There is a disconnect between the number of cancer patients estimated to have bone metastases and the number of patients who are sent for orthopaedic care each year, states an article in the Canadian Journal of Surgery (CJS).
Almost half of the 140 000 new cases of cancer diagnosed in Canada each year can spread to the bones, but very few of these patients are referred to orthopaedic services even though they could benefit in terms of quality of life, less pain and better outcomes if their bones could be prevented from breaking.
Researchers in the Division of Orthopaedic Trauma at the Vancouver General Hospital (VGH) reviewed the cases of all cancer patients treated for bone lesions or fractures caused by bone lesions at their hospital over a 20-year period and found that an average of only 13 out of a possible 14 000 patients per year received orthopaedic care.
“It seems there is reluctance to consider surgery or ignorance of what additional benefit orthopaedics can offer,” the authors state.
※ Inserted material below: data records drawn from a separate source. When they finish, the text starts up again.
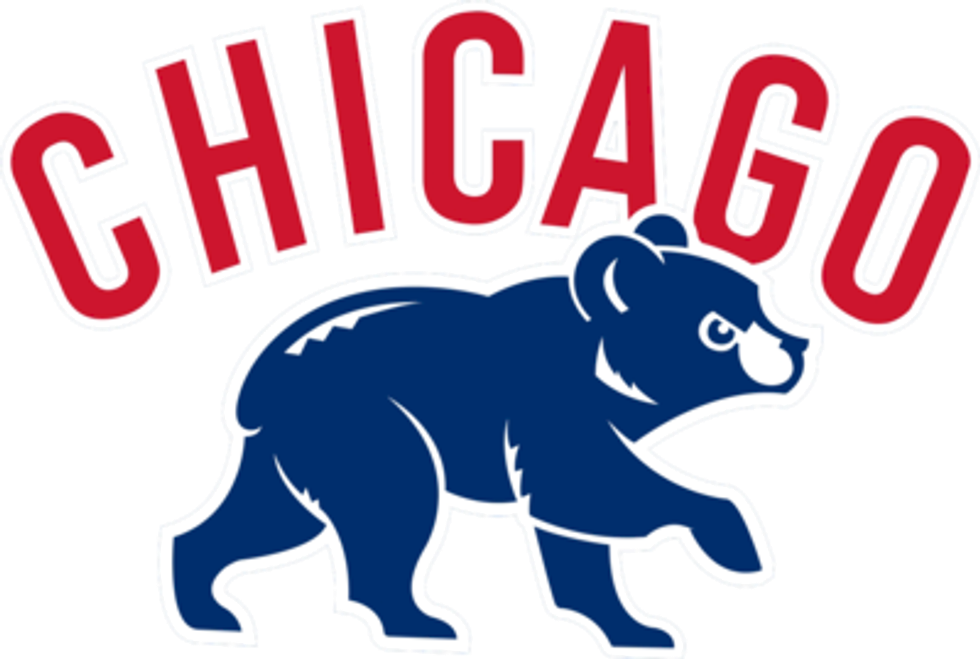 10 Reasons To Be A Chicago Cubs Fan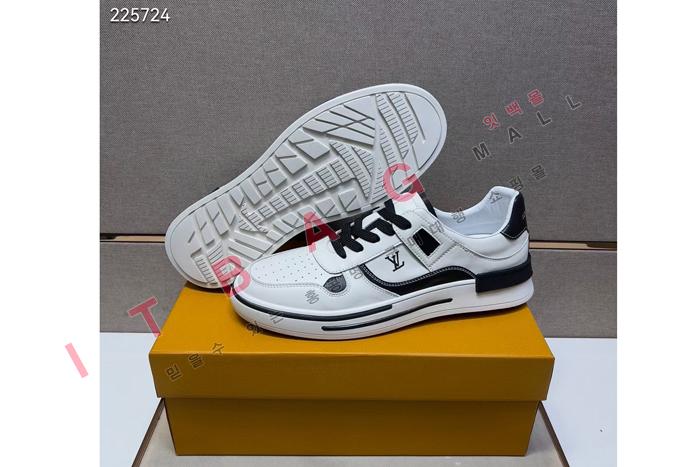 ���̺��� ���� ����Ŀ��  MYB8648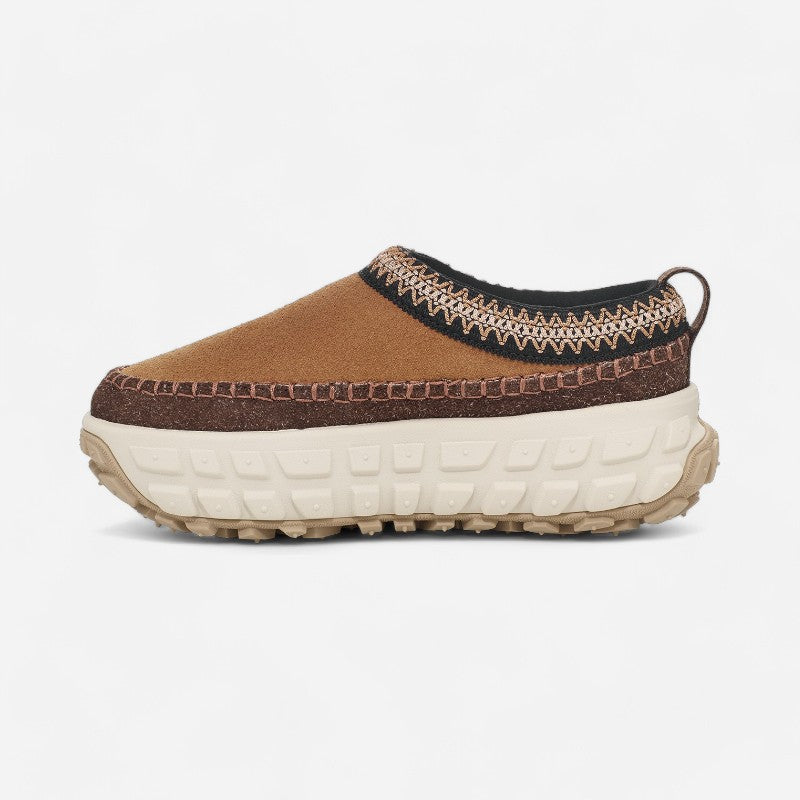 Venture Daze Chestnut/Ceramic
Surgical procedures aren’t without risk, which may explain the reluctance.
Among the patients included in the study, survival ranged from less than one year to more than 18 years, and 14% died in hospital care. “The mortality rate does seem high, but many procedures were undertaken as palliative interventions as part of the patients’ final care,” the authors explain. They go on to state that their results suggest that failure to seek a timely surgical opinion may contribute to some of the poor outcomes reported.
“Engaging with oncologists to consider available orthopaedic interventions might provide more effective overall care in patients with [cancer that has spread to the bones],” the authors state.